Tuesday 27 November 2012

John Scalzi's ... Ghost Brigades

One thing I liked straight away about this book is that I found it in hardback in the library - always gives a book more depth and character - and the next thing was the cover art. I like! I like it in a boyish way, with a little of the same wow! gosh! factor of walking away from first seeing Star Wars on a big screen at age... ten? twelve? The cover has a space battle above a planet, anyway. Pretty generic, but it sets the scene. Inside back jacket tells me the artist's name is John Harris. Let me look him up... Aha. I see that he's illustrated for the likes of Allen Steele and Jack McDevitt, both of whom I've been reading in the past few months.

But onto the story. John Scalzi is a joker, which I learned from following him on Twitter. Read the opening of Ghost Brigades and you'll see an example... let me say no more. It was a neat trick, well pulled off. So far, I can see that JS is staying true to the war-in-space genre of the first in the series, Old Man's War (see my last post), expertly imagining future technology, alien technology, interstellar genocidal warfare, and what that might do to the human (and other) people who get caught up in the military mincing machine. This last part, the human story, is the only reason I would read the whole thing. What happens to people who live and breathe the disciplined and controlled application of deadly violence?

The world we live in is over-militarised, and I grew up in a town neighbouring one in which 'squaddies', ordinary soldiers that is, are trained, barracked and sent out to do our government's bidding, to do their dirty work. And from the few times I met those young, beer-inclined, very physical men, I've wondered what chance they ever had of enjoying a normal human life, if there is such a thing. They're trained to be tough, ruthless and to obey their commanding officers. Civilians stay in their comforable homes and feel horrified at the innocents being bombed, sometimes at the expense of their own tax money; meanwhile, the frontline soldiers often feel that they're paying the price for those civilians' comfort. There's something screwed up here; perhaps you can enlighten me and tell me why one group of people are turned into killers while the rest of us rest easy and veg out in front of TV.

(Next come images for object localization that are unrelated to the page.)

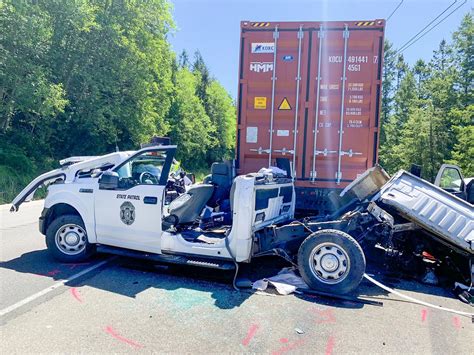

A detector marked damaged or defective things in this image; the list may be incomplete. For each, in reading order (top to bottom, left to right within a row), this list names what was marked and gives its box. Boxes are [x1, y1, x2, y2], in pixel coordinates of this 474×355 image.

exposed tire [45, 214, 95, 264]
crashed pickup truck [9, 145, 472, 294]
exposed tire [296, 231, 366, 294]
crumpled metal panel [378, 171, 474, 254] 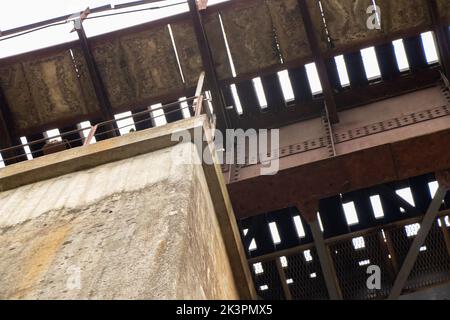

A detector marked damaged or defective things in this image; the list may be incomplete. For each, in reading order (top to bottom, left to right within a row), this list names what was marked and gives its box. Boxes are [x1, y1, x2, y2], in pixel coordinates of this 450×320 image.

corroded metal panel [0, 50, 95, 130]
brown rusted surface [0, 49, 97, 131]
corroded metal panel [92, 26, 184, 109]
brown rusted surface [170, 19, 203, 87]
corroded metal panel [170, 20, 203, 87]
corroded metal panel [203, 12, 232, 80]
brown rusted surface [220, 0, 280, 75]
corroded metal panel [221, 1, 280, 75]
corroded metal panel [266, 0, 312, 62]
brown rusted surface [266, 0, 312, 63]
corroded metal panel [318, 0, 382, 49]
corroded metal panel [378, 0, 430, 34]
brown rusted surface [229, 129, 450, 219] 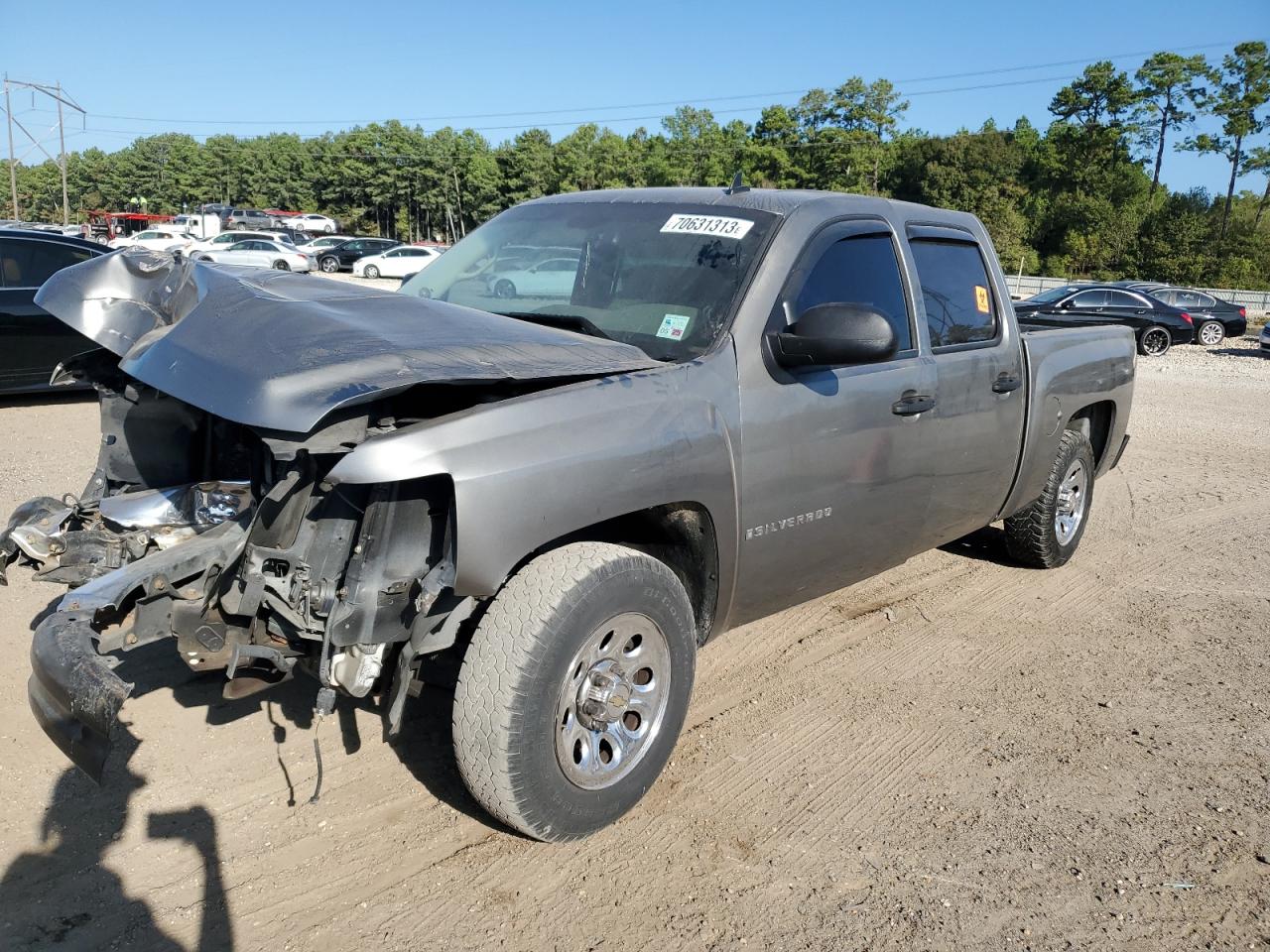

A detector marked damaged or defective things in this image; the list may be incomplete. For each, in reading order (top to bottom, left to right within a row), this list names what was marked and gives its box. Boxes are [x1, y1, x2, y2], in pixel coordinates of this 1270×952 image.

crumpled hood [35, 249, 659, 434]
wrecked chevrolet silverado [5, 187, 1135, 841] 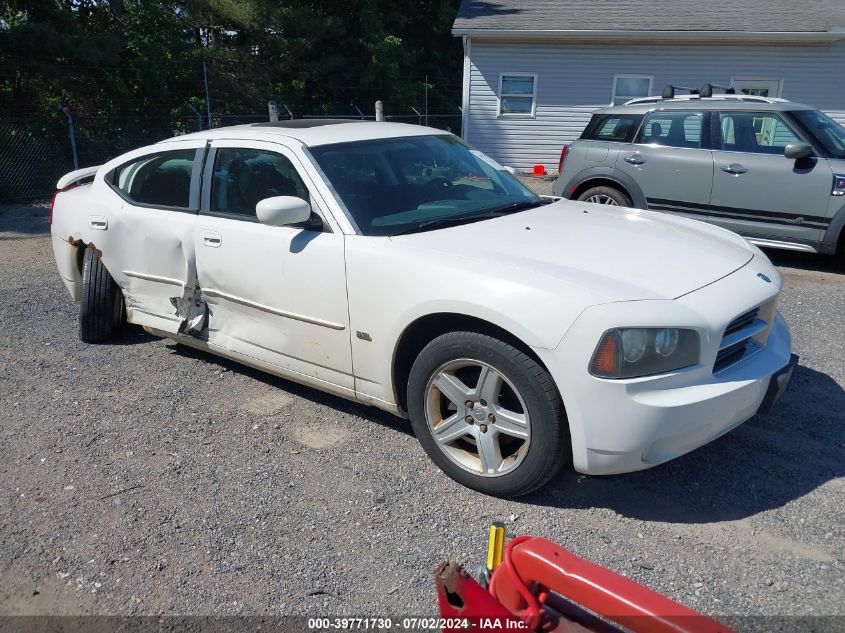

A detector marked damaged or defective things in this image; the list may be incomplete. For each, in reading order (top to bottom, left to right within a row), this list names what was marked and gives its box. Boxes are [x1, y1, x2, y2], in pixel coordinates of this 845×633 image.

dented car door [104, 141, 206, 334]
dented car door [195, 141, 352, 392]
damaged white car [49, 121, 796, 496] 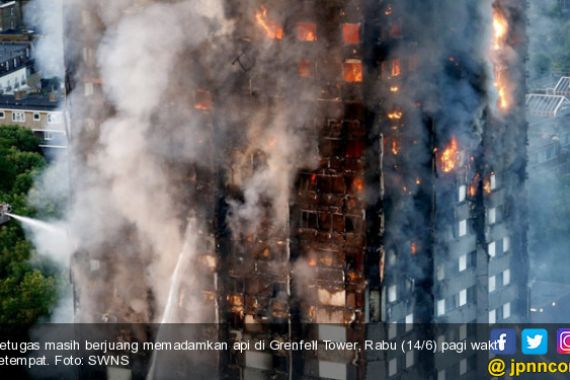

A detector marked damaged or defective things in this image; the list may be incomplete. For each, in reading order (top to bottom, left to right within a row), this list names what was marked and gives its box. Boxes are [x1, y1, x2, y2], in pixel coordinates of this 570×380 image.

burnt window opening [296, 22, 318, 41]
burnt window opening [342, 22, 360, 44]
burnt window opening [340, 59, 362, 83]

Governments maintain armies to keep hold of their status and economic position, not essentially to keep you and me in beer and Pringles. (Is this turning into a rant? I'll stop here.) So thankyou Mr Scalzi for making me think a little. If your series is intended, in part, to be a meditation on the present state of affairs, I'd better keep reading until the end of Book Three to appreciate the fulness of your thoughts.